• **What to do**: Please restate each entry below, word for word.

▼

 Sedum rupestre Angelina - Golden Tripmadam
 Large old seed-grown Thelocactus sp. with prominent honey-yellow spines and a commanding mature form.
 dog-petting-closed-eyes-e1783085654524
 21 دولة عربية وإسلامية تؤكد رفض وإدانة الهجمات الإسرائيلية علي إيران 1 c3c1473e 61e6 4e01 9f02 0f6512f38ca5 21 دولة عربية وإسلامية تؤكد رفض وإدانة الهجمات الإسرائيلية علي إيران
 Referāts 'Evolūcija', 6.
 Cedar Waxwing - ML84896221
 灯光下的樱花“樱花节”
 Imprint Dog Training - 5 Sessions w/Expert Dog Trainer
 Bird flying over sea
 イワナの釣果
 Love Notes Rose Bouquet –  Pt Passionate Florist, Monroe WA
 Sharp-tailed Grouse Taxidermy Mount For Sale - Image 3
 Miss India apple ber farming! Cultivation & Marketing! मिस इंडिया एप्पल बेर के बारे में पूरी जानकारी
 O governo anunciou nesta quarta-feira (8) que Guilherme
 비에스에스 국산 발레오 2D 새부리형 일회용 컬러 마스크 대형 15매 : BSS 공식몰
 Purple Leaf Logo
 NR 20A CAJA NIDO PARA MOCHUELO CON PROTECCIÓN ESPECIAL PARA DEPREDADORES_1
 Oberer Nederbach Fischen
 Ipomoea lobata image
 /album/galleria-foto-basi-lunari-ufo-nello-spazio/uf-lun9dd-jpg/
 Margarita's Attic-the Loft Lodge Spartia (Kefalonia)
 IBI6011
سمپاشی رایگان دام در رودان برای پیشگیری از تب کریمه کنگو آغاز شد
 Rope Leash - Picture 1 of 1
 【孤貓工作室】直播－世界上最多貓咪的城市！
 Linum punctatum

▲

• **Completed exercise**:
 Sedum rupestre Angelina - Golden Tripmadam
 Large old seed-grown Thelocactus sp. with prominent honey-yellow spines and a commanding mature form.
 dog-petting-closed-eyes-e1783085654524
 21 دولة عربية وإسلامية تؤكد رفض وإدانة الهجمات الإسرائيلية علي إيران 1 c3c1473e 61e6 4e01 9f02 0f6512f38ca5 21 دولة عربية وإسلامية تؤكد رفض وإدانة الهجمات الإسرائيلية علي إيران
 Referāts 'Evolūcija', 6.
 Cedar Waxwing - ML84896221
 灯光下的樱花“樱花节”
 Imprint Dog Training - 5 Sessions w/Expert Dog Trainer
 Bird flying over sea
 イワナの釣果
 Love Notes Rose Bouquet –  Pt Passionate Florist, Monroe WA
 Sharp-tailed Grouse Taxidermy Mount For Sale - Image 3
 Miss India apple ber farming! Cultivation & Marketing! मिस इंडिया एप्पल बेर के बारे में पूरी जानकारी
 O governo anunciou nesta quarta-feira (8) que Guilherme
 비에스에스 국산 발레오 2D 새부리형 일회용 컬러 마스크 대형 15매 : BSS 공식몰
 Purple Leaf Logo
 NR 20A CAJA NIDO PARA MOCHUELO CON PROTECCIÓN ESPECIAL PARA DEPREDADORES_1
 Oberer Nederbach Fischen
 Ipomoea lobata image
 /album/galleria-foto-basi-lunari-ufo-nello-spazio/uf-lun9dd-jpg/
 Margarita's Attic-the Loft Lodge Spartia (Kefalonia)
 IBI6011
سمپاشی رایگان دام در رودان برای پیشگیری از تب کریمه کنگو آغاز شد
 Rope Leash - Picture 1 of 1
 【孤貓工作室】直播－世界上最多貓咪的城市！
 Linum punctatum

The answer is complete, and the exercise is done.